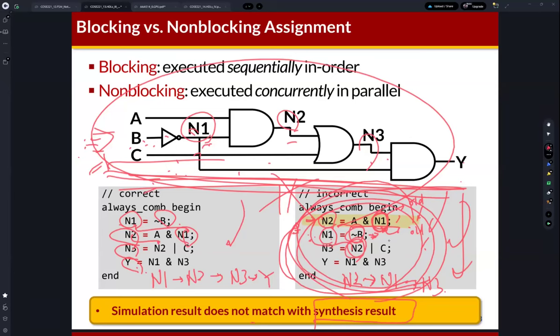If we use the blocking statement, we need to write the code also considering the generated hardware — this is very important in SystemVerilog design. SystemVerilog is used for generating real hardware, so this is very important. SystemVerilog is a bit like a programming language, but the goal is different: the goal of SystemVerilog is to generate real hardware. So we need to consider the generated hardware when we write code in SystemVerilog. This is the incorrect code example.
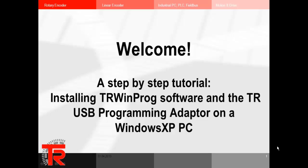Hello and welcome. This will be a step-by-step tutorial for installing the TR WinProg software and the TR USB programming adapter on a Windows XP PC.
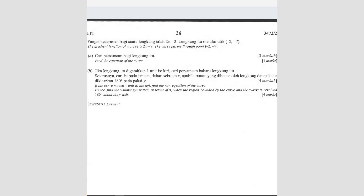Question number 7. The diagram — sorry, not diagram — the gradient function of a curve. So gradient function means dy/dx, right? So that means, okay, question A.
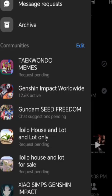Okay, what's up. So how to unblock someone unrestricted on Messenger. If you're new here, like or subscribe, leave a comment.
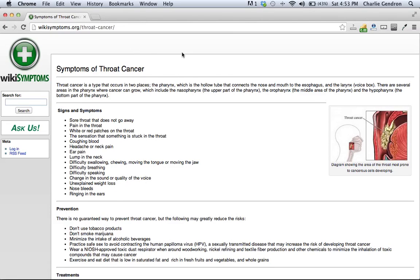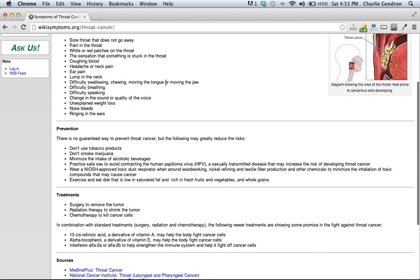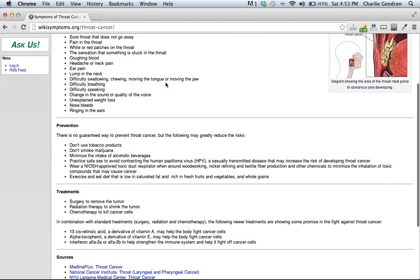Welcome to weeklysymptoms.org. In this video we are going to talk about throat cancer prevention. There is no guaranteed way to prevent throat cancer, but the following may greatly reduce the risk.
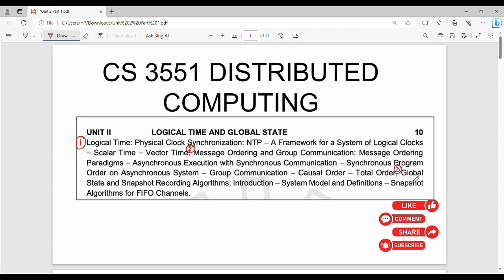Then last, third part, we will talk about distributed computing global state snapshot. How to record algorithms, how to use algorithms, we will talk about three things, we will talk about concepts.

Task description: Exactly as written, set down the lines from the line holding "Okay, what's up." to the last line of the data, both ends included, pictures excluded.

Result below:
Okay, what's up. So how to unblock someone unrestricted on Messenger. If you're new here, like or subscribe, leave a comment.
Welcome to weeklysymptoms.org. In this video we are going to talk about throat cancer prevention. There is no guaranteed way to prevent throat cancer, but the following may greatly reduce the risk.
Then last, third part, we will talk about distributed computing global state snapshot. How to record algorithms, how to use algorithms, we will talk about three things, we will talk about concepts.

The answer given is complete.